Your task
In the records below, the relevant part opens with the line containing "Italienisches Vintage-Segel-Reiseposter" and closes with the line containing "Pequena peça de"; print that part exactly and only, without its pictures.

Top of Given data

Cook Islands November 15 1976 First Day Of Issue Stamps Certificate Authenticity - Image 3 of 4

Bottom of Given data
Top of Given data

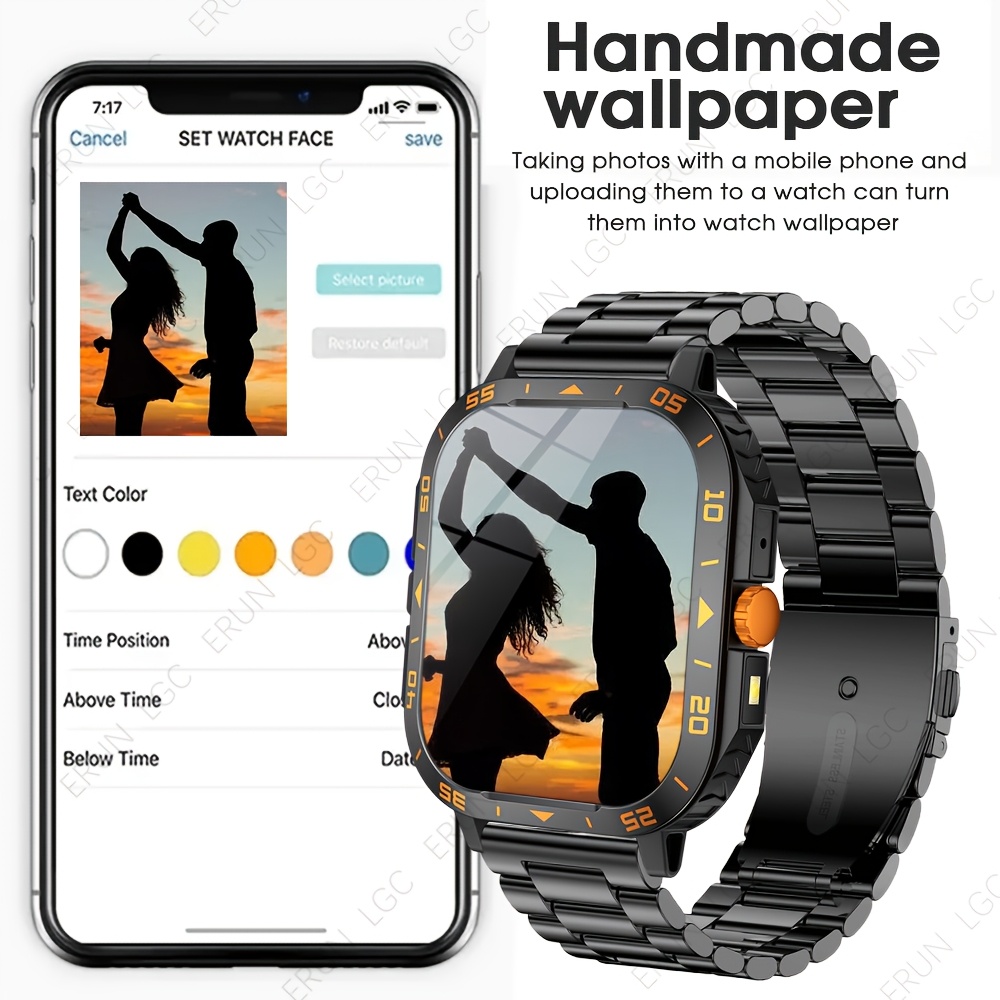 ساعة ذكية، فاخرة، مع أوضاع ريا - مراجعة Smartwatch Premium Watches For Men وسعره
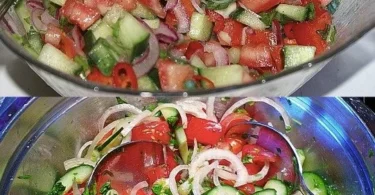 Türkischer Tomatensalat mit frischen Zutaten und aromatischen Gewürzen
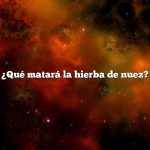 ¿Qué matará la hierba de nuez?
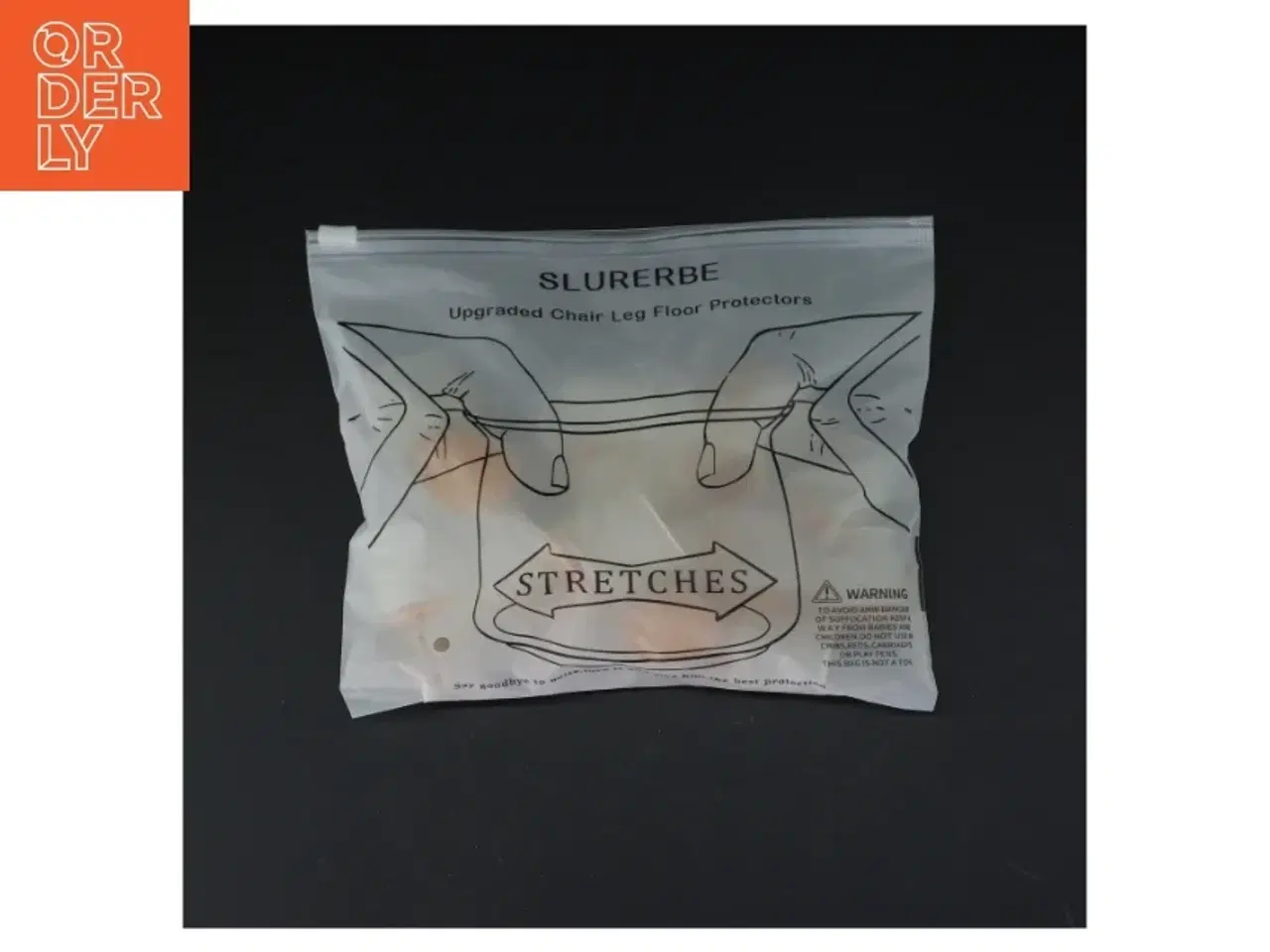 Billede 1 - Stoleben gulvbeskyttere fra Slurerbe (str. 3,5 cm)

Bottom of Given data
Top of Given data

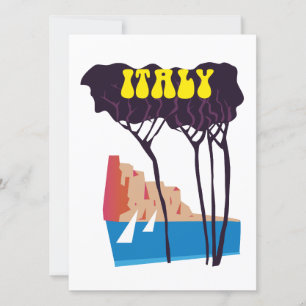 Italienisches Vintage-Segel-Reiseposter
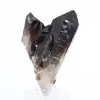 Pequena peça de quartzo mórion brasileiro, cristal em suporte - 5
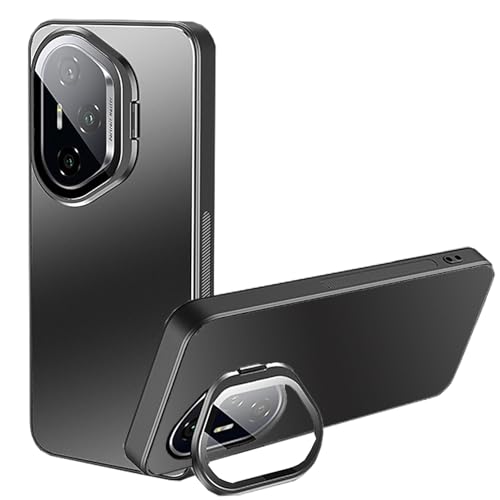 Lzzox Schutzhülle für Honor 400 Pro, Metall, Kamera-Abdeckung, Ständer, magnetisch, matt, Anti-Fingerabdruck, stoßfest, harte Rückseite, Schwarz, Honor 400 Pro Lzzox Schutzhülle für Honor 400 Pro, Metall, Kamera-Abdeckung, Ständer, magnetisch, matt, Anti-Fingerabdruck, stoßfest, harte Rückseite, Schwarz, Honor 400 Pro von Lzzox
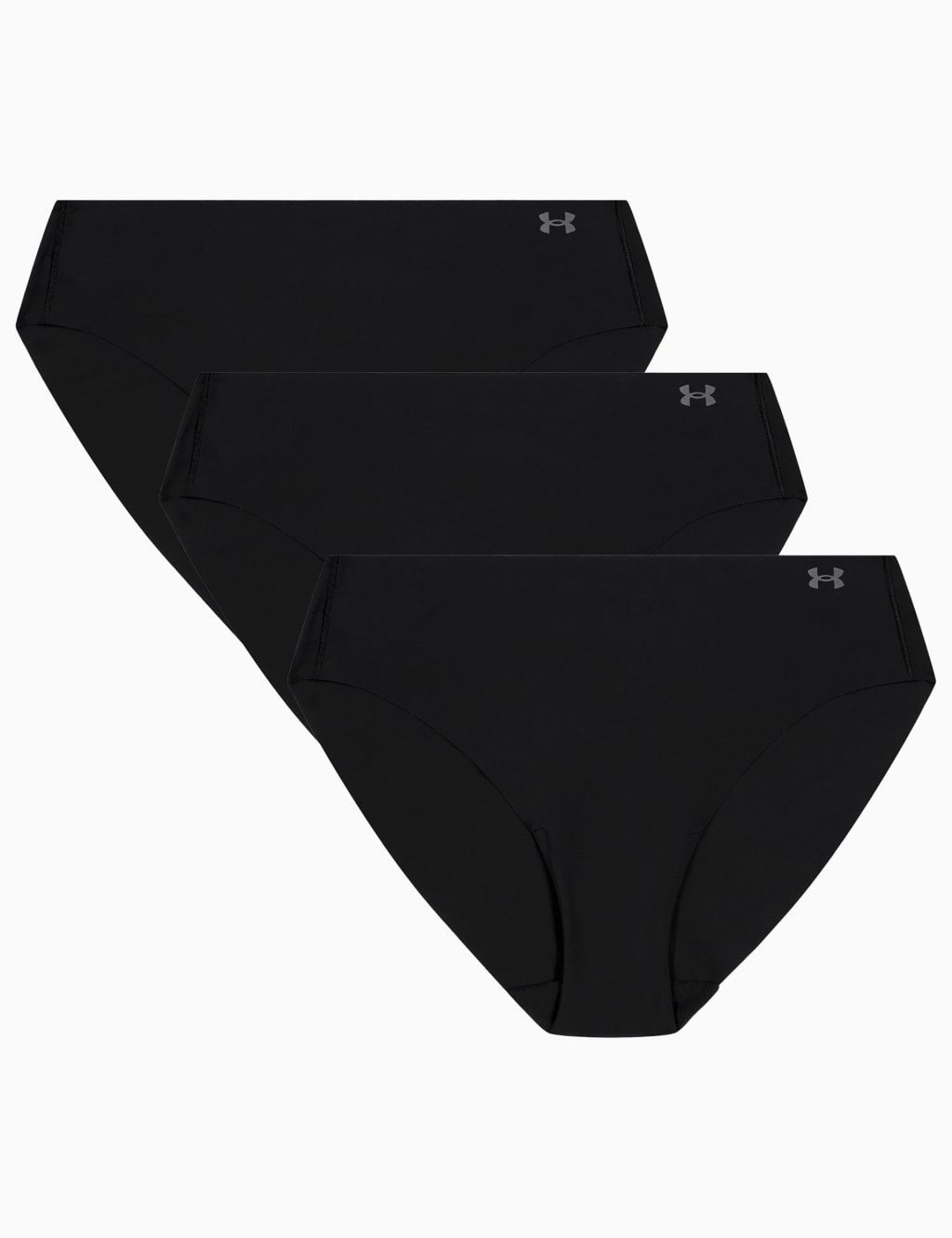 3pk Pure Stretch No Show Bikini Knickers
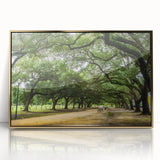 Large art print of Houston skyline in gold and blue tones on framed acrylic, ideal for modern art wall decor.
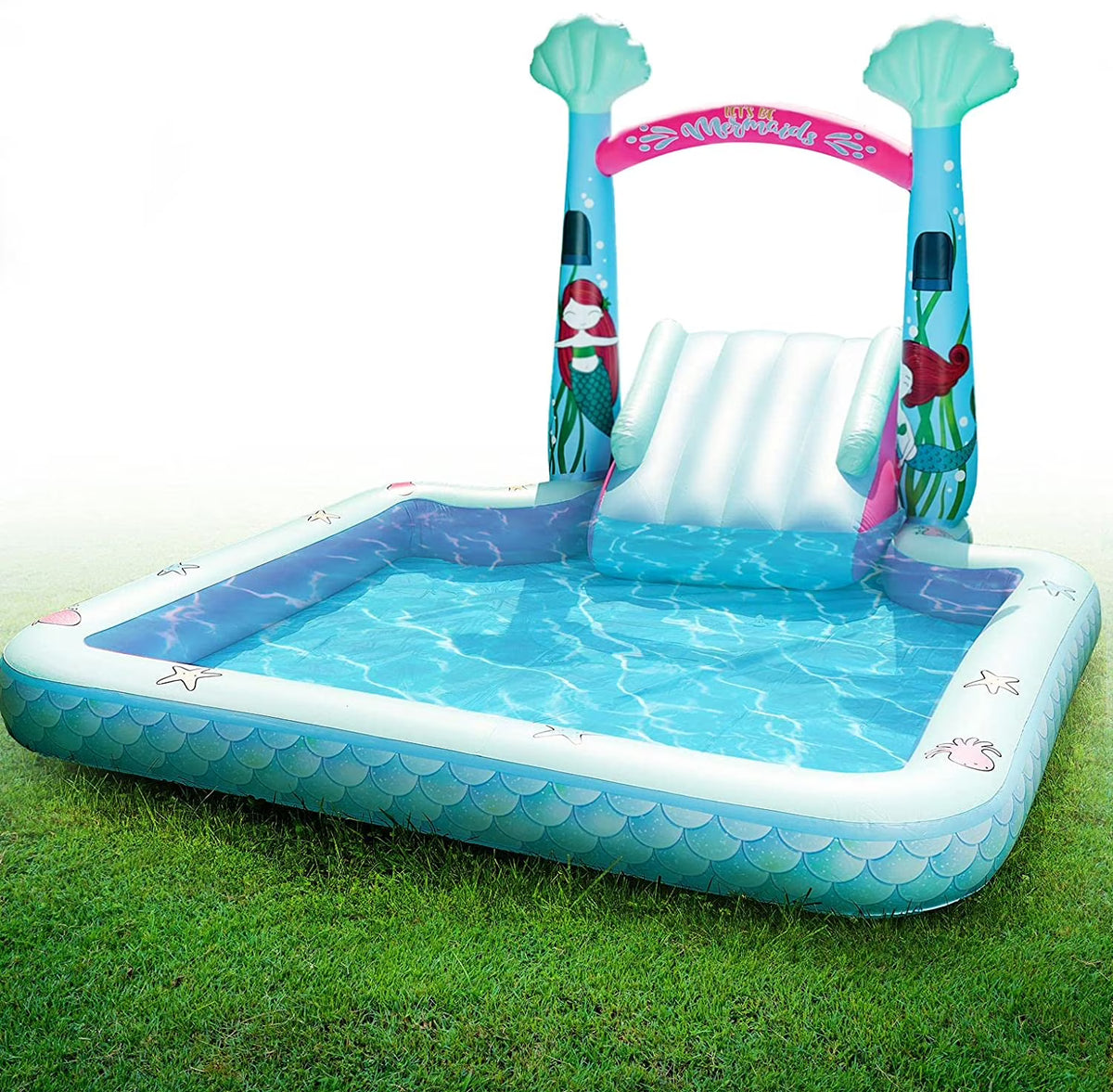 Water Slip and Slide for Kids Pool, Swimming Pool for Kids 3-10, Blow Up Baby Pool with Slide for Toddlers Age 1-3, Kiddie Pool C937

Bottom of Given data

Result
 Italienisches Vintage-Segel-Reiseposter
 Pequena peça de quartzo mórion brasileiro, cristal em suporte - 5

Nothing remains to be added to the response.